SOURCE DATA:
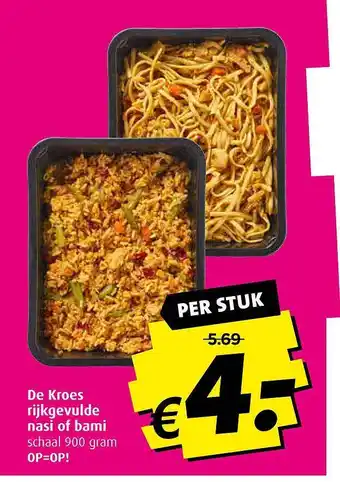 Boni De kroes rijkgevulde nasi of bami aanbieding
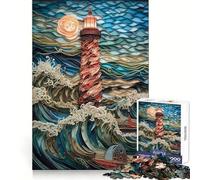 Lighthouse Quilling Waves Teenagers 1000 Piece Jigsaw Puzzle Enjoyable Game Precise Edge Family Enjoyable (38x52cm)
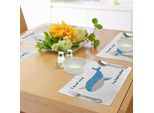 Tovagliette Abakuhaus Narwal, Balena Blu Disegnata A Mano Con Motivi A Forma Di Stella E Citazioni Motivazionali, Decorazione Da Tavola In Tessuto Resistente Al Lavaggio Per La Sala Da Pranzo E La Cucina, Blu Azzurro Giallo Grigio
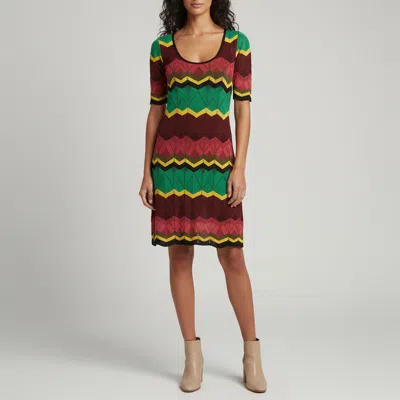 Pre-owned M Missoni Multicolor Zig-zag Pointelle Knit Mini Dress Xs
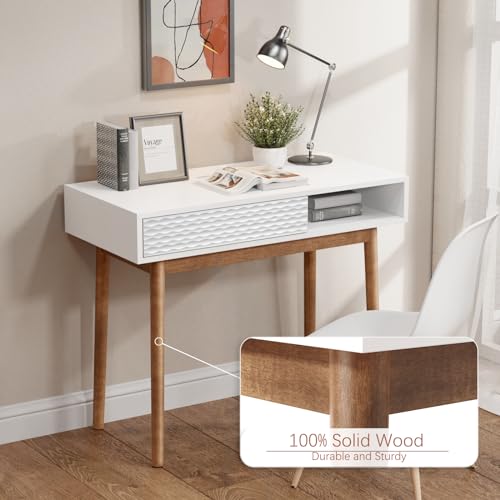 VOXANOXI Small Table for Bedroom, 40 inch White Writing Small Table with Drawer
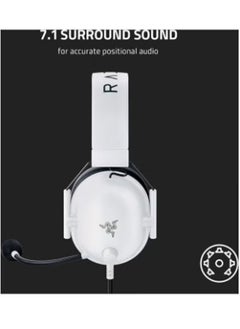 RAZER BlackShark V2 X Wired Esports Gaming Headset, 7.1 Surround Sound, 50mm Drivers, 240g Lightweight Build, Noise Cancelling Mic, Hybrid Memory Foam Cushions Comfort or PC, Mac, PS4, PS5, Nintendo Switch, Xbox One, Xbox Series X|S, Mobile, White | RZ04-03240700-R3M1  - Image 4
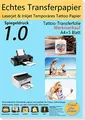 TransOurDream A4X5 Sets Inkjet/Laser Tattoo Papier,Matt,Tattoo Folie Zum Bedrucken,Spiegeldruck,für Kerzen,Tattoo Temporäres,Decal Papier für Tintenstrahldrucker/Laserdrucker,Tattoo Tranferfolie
* * *
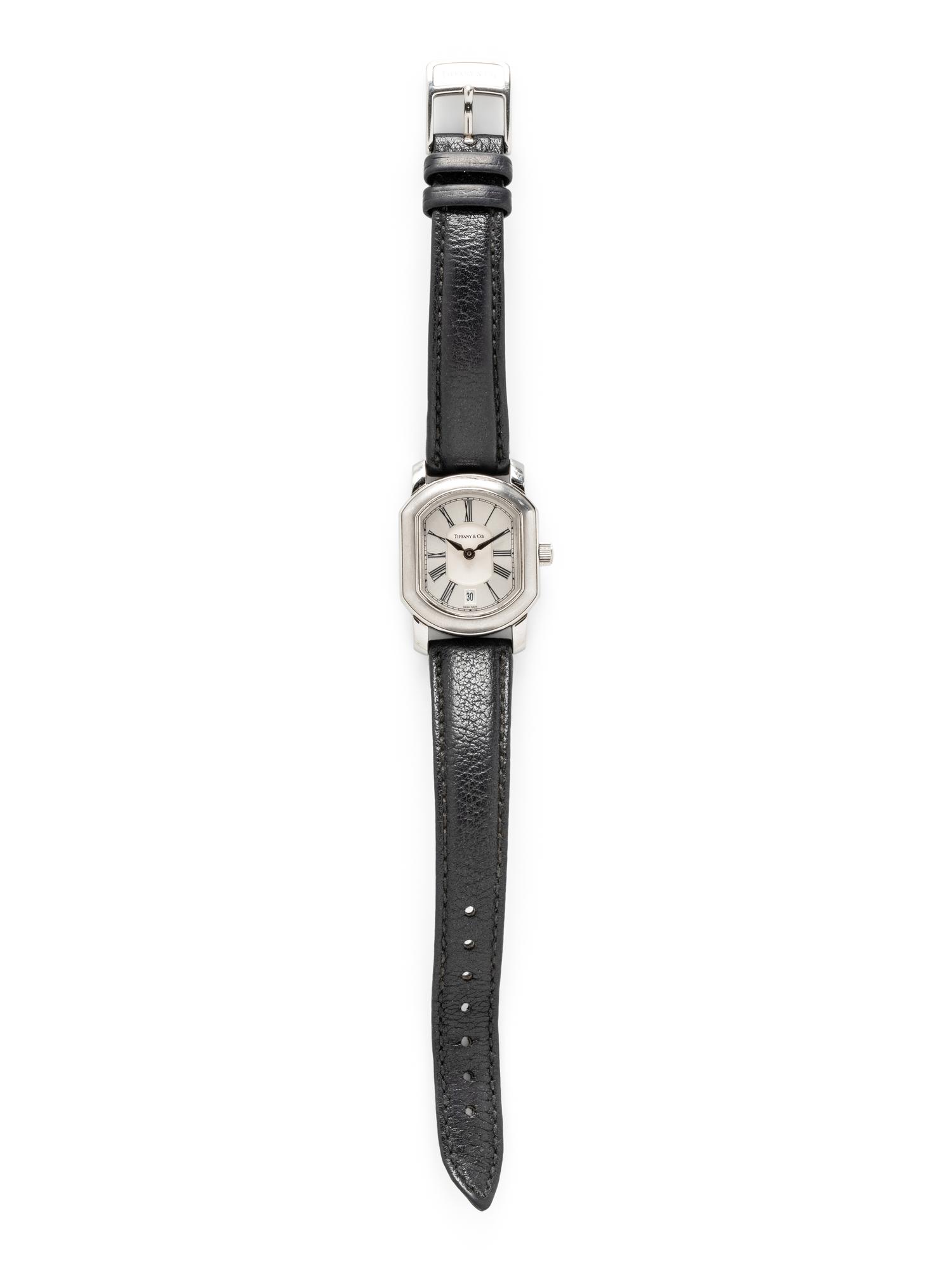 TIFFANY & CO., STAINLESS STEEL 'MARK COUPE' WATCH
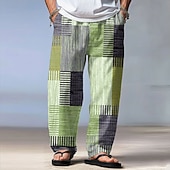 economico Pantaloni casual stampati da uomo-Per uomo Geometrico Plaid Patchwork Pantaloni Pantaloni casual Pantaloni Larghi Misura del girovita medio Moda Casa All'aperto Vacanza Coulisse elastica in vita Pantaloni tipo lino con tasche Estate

TASK REQUIREMENTS: Start with the line with "Lighthouse Quilling Waves" in the listing above and stop after the line with "VOXANOXI Small Table". Write out exactly the lines in that stretch and no others, without pictures.

THE COMPLETED TASK:
 Lighthouse Quilling Waves Teenagers 1000 Piece Jigsaw Puzzle Enjoyable Game Precise Edge Family Enjoyable (38x52cm)
 Tovagliette Abakuhaus Narwal, Balena Blu Disegnata A Mano Con Motivi A Forma Di Stella E Citazioni Motivazionali, Decorazione Da Tavola In Tessuto Resistente Al Lavaggio Per La Sala Da Pranzo E La Cucina, Blu Azzurro Giallo Grigio
 Pre-owned M Missoni Multicolor Zig-zag Pointelle Knit Mini Dress Xs
 VOXANOXI Small Table for Bedroom, 40 inch White Writing Small Table with Drawer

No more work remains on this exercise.